### Your assignment
Every line of the listing below should be written out exactly, minus its pictures.

### Stored data
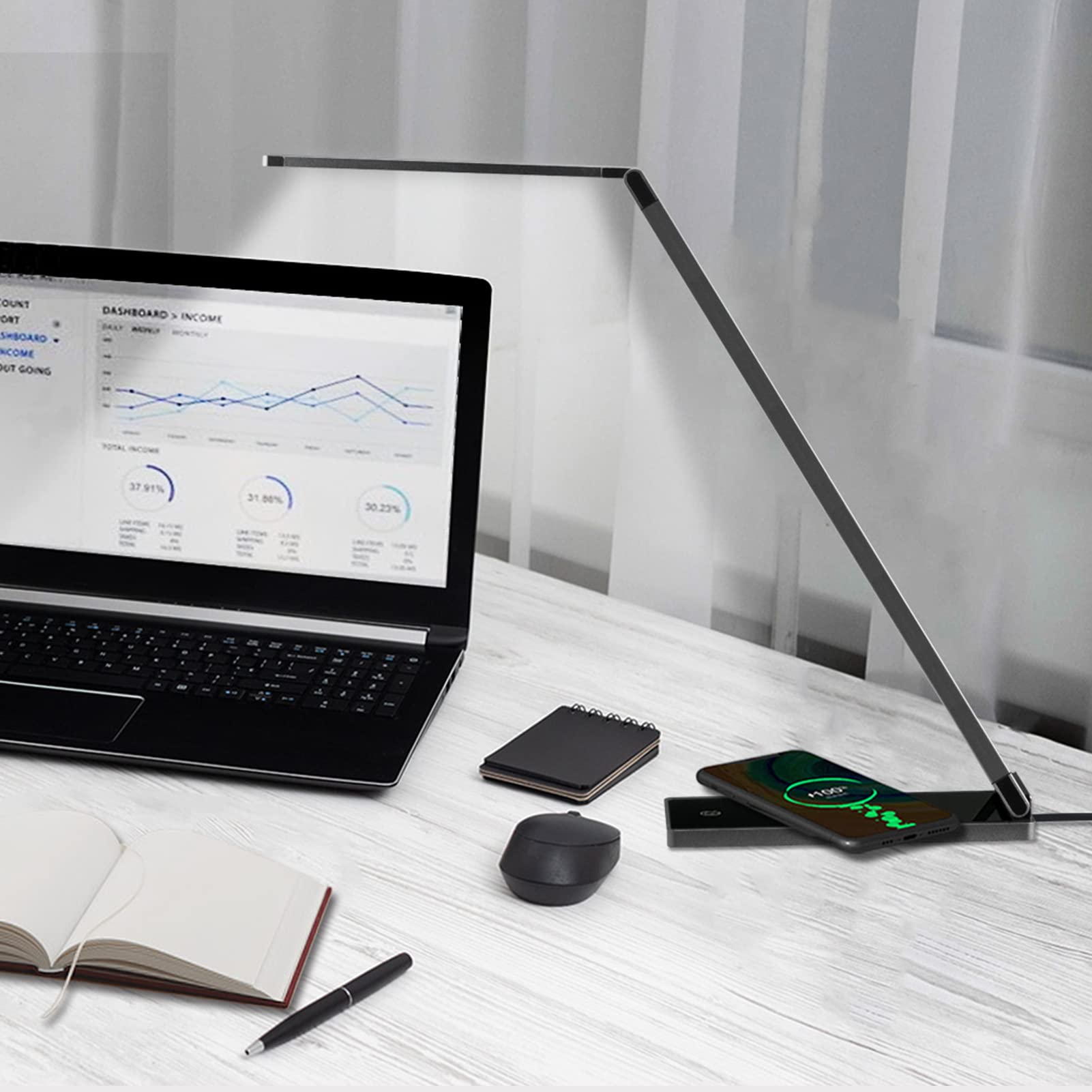 Ylmrav Metal Desk Lamp with 10W Wireless Charger - Foldable LED Task Light, Touch Control, Eye-Caring & Portable for Home Office, Study, Reading, and Workspace Lighting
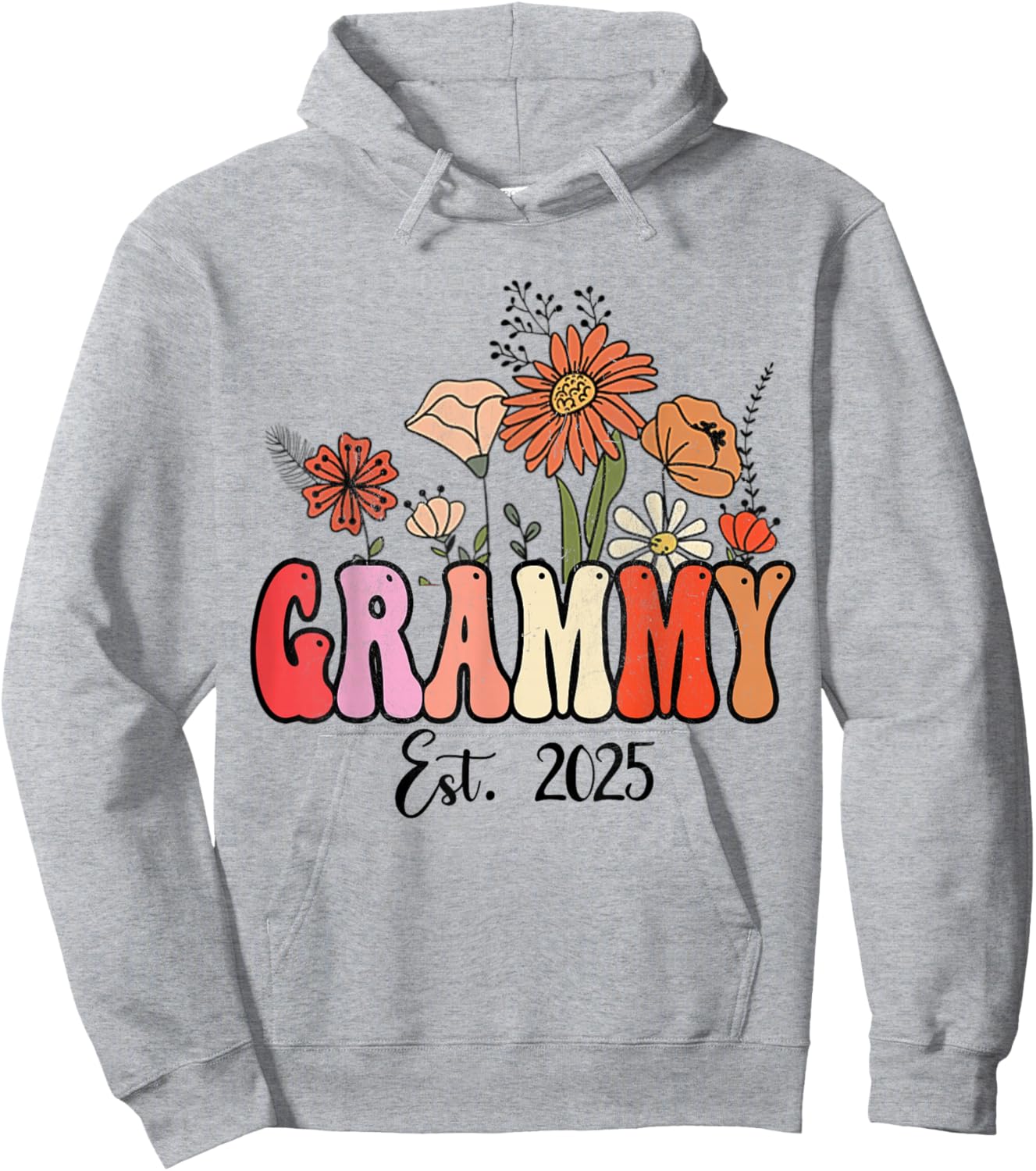 Flowers Groovy Retro Grammy Est 2025 Grammy To Be Gifts Hoodie - Hoodie | Ash
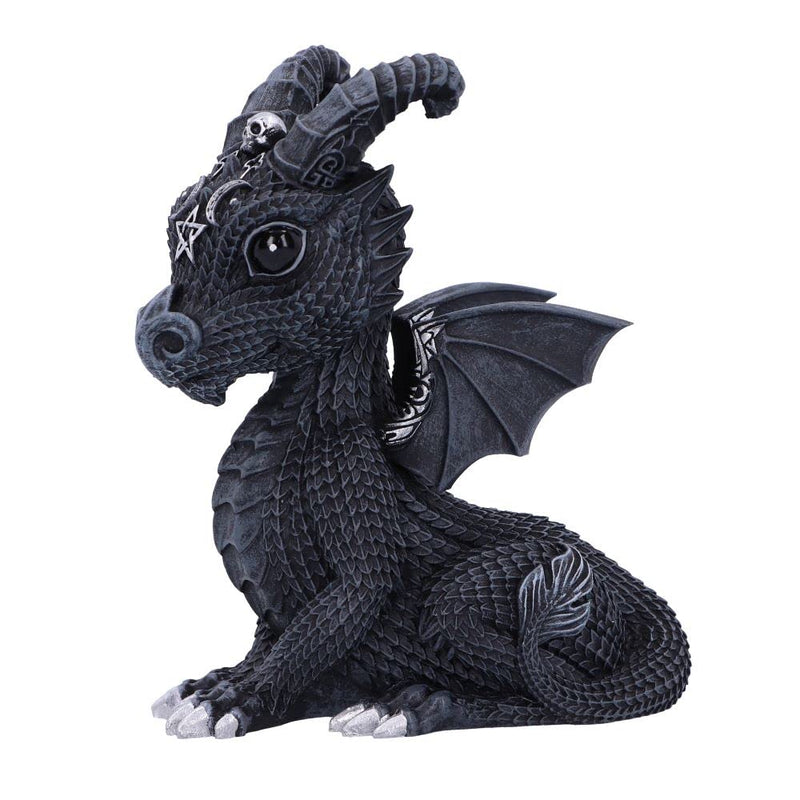 Nemesis Now Cult Cuties Lucifly - Figura de dragón de 10,7 cm, Resina, Negra, Figura de dragón de Cult Cuties, Adorable Figura de dragón cornudo, Detalles Plateados, fundida en la Mejor Resina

### Answer to this task
 Ylmrav Metal Desk Lamp with 10W Wireless Charger - Foldable LED Task Light, Touch Control, Eye-Caring & Portable for Home Office, Study, Reading, and Workspace Lighting
 Flowers Groovy Retro Grammy Est 2025 Grammy To Be Gifts Hoodie - Hoodie | Ash
 Nemesis Now Cult Cuties Lucifly - Figura de dragón de 10,7 cm, Resina, Negra, Figura de dragón de Cult Cuties, Adorable Figura de dragón cornudo, Detalles Plateados, fundida en la Mejor Resina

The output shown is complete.